Sick leave: Accrues at the same rate — 1.5 days per month — regardless of employment scope, up to a ceiling of 90 days. The daily sick pay amount is proportional to salary, but the number of days accrued is not reduced.

Pension contributions: Both employer and employee contributions are applied to actual salary from day one (or after three months for employees without a prior pension). The percentages are identical to those for full-time workers — only the base amount differs.

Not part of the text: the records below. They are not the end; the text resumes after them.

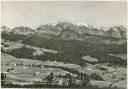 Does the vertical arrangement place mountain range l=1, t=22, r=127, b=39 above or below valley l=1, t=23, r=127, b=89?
above

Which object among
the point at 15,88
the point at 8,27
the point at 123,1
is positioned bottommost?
the point at 15,88

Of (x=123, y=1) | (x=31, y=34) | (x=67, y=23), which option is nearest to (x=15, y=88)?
(x=31, y=34)

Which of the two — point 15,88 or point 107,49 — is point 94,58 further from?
point 15,88

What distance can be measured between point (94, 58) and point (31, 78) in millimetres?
557

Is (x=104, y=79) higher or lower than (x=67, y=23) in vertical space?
lower

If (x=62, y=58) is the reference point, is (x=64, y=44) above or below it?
above

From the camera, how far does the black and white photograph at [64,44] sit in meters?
3.39

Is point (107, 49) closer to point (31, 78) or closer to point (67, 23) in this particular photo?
point (67, 23)

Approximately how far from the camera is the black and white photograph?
3391mm

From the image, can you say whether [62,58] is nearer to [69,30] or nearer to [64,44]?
[64,44]

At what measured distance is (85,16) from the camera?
11.2ft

Common Violations Against Part-Time Workers

Part-time workers are among the most frequently exploited groups in the Israeli labor market. Employers — sometimes through ignorance, sometimes deliberately — apply the rules incorrectly. The most common violations include:

Failure to calculate proportionally: The employer pays recuperation pay or leave only to full-time staff, or uses an incorrect calculation base that understates the part-timer's entitlements.

Treating part-timers as less protected: Some employers believe that part-time workers can be dismissed more easily, denied notice pay, or excluded from company benefits. This is legally incorrect. Dismissal of a part-time worker requires the same prior notice as full-time dismissal, and the same wrongful-dismissal protections apply.

Maternity leave rights: A part-time female employee who has worked for the same employer for at least 12 months is entitled to the full statutory maternity leave (26 weeks, of which 15 are paid by the National Insurance Institute). The fact that she works part-time does not shorten her maternity leave or reduce her right to return to her position.

Overtime for part-time workers: The overtime premium (125% and 150%) kicks in only when the employee exceeds the statutory full working day, not merely their contractual part-time hours. However, some collective agreements provide more favorable terms — and employers are not always forthcoming about this. If you suspect you are owed overtime, legal advice is essential.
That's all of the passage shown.